After the item similarity graph is constructed, we run a GNN model on it and use the vertex connectivity as the training signal to train the GNN model. The GNN training procedure is very similar to the link prediction task in [the previous section](https://github.com/zheng-da/DGL_devday_tutorial/blob/master/BasicTasks_pytorch.ipynb).

## Construct the item graph with SLIM
SLIM is an item-based recommendation model. When training SLIM on a user-item dataset, it learns an item similarity graph. This similarity graph is the item graph we construct for the GNN model.

Please follow the instruction on the [SLIM github repo](https://github.com/KarypisLab/SLIM) to install SLIM.

To use SLIM to generate an item similarity graph, there are two hyperparameters we can tune. `l1r` is the co-efficient for the L1 regularization and `l2r` is the co-efficient for the L2 regularization. Increasing `l1r` will generate a sparser similarity graph and increasing `l2r` leads to a denser similarity graph.

In [None]:
from graph_construct import create_SLIM_graph
item_spm = create_SLIM_graph(user_item_spm, l1r=1, l2r=1, test=False)
use_edge_similarity = True

In [None]:
topk=30
dense_item = np.sort(item_spm.todense())
topk_item = dense_item[:,-topk]
topk_item_spm = item_spm > topk_item
topk_item_spm = spsp.csr_matrix(topk_item_spm)
item_spm = item_spm.multiply(topk_item_spm)

In [None]:
deg = item_spm.dot(np.ones((num_items)))
print(item_spm.nnz)
print(np.sum(deg == 0))
print(len(deg))
print(item_spm.sum(0))

## Construct the co-occurence graph
Or we can simply construct a co-occurrence graph. That is, if two items are used by the same user, we draw an edge between these two items.
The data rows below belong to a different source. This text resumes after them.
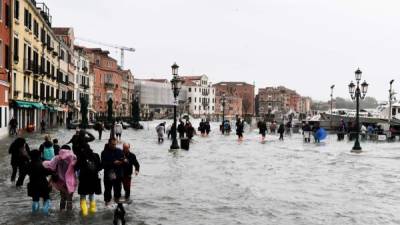 Un temporal que azota Italia con fuertes vientos y lluvias provocó históricas inundaciones en el norte del país, donde el agua alcanzó récords históricos en Venecia.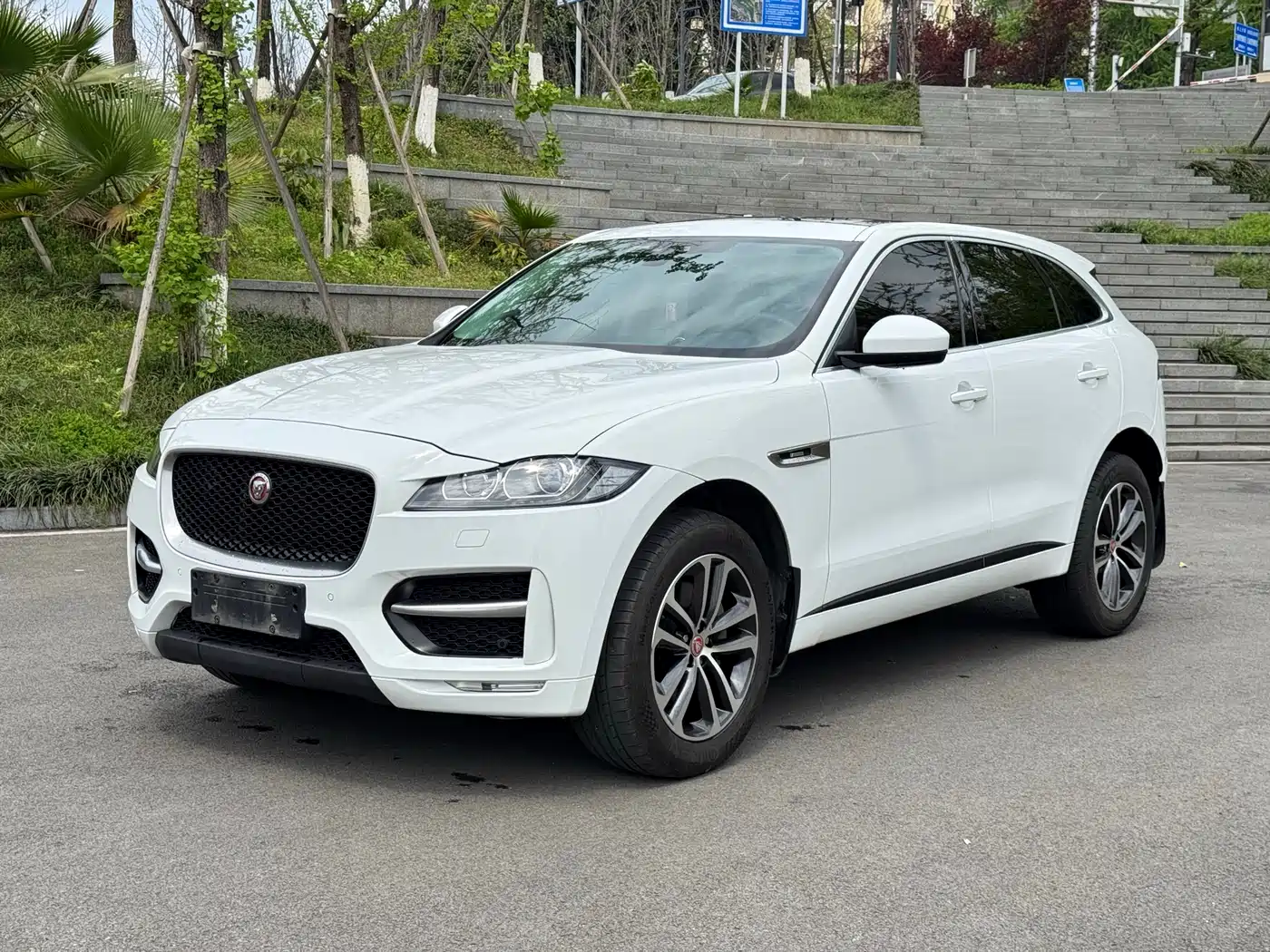 JAGUAR F PACE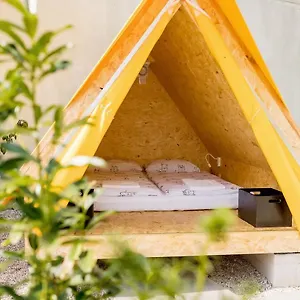 https://the-fuzzy-log.hotels-in-ljubljana.com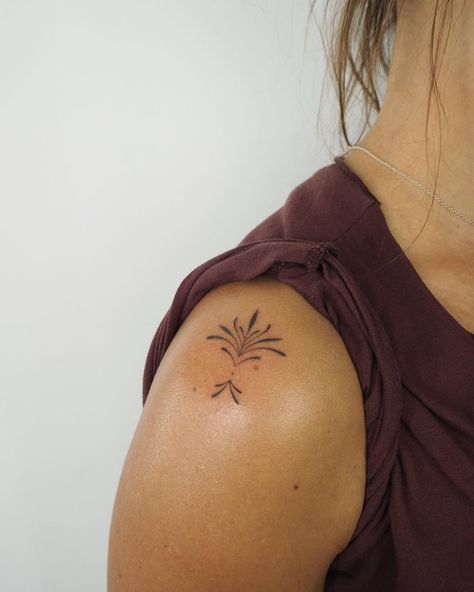 Tiny Linework Tattoo, Classy Tattoos For Women, Handpoke Tattoo, Classy Tattoos, Subtle Tattoos, Feminine Tattoos, Simplistic Tattoos, Tattoo Designs For Women, Small Tattoo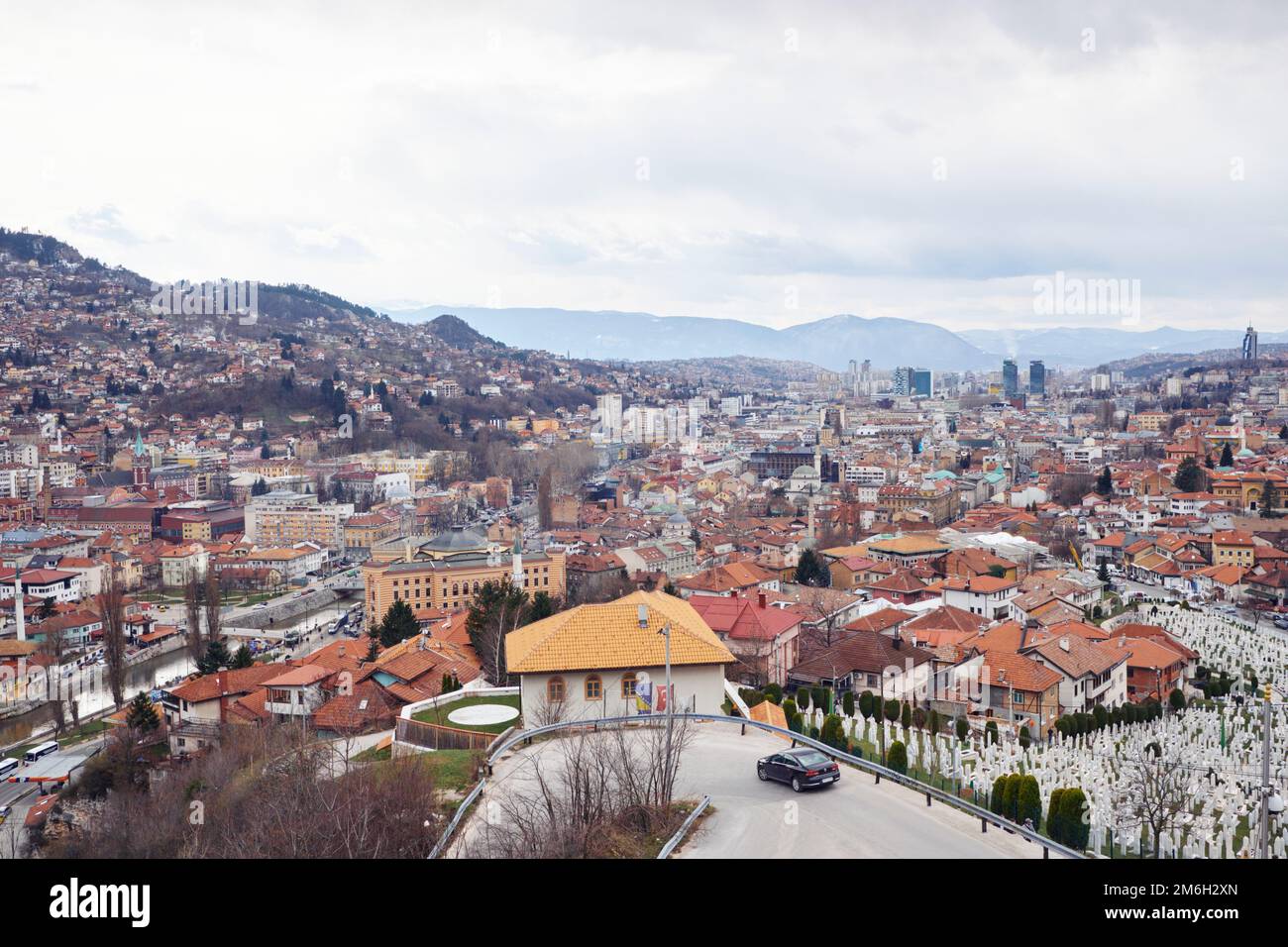 Una vista della città valle di Sarajevo Foto Stock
When using this method for graph construction, there are also two hyperparameters to tune. `downsample_factor` controls how much we should down sample user-item pairs based on the frequency of items. A larger `downsample_factor` leads more down sampling. `topk` controls how many items should an item connect to. If it's None, an item connects to all items that have co-occurrence with the item; otherwise, an item connects with the most frequently co-occurred items.

In [None]:
from graph_construct import create_cooccur_graph
item_spm = create_cooccur_graph(user_item_spm, downsample_factor=1e-5, topk=50)
use_edge_similarity = False

## Construct the cosine-similarity graph
We can also use cosine similarity to build a graph. We compute the cosine similarity of the neighborhoods of every pair of items. This is quite similar to co-occurrence graph except that we use cosine similarity instead of the number of co-occurrence to measure the similarity of two items.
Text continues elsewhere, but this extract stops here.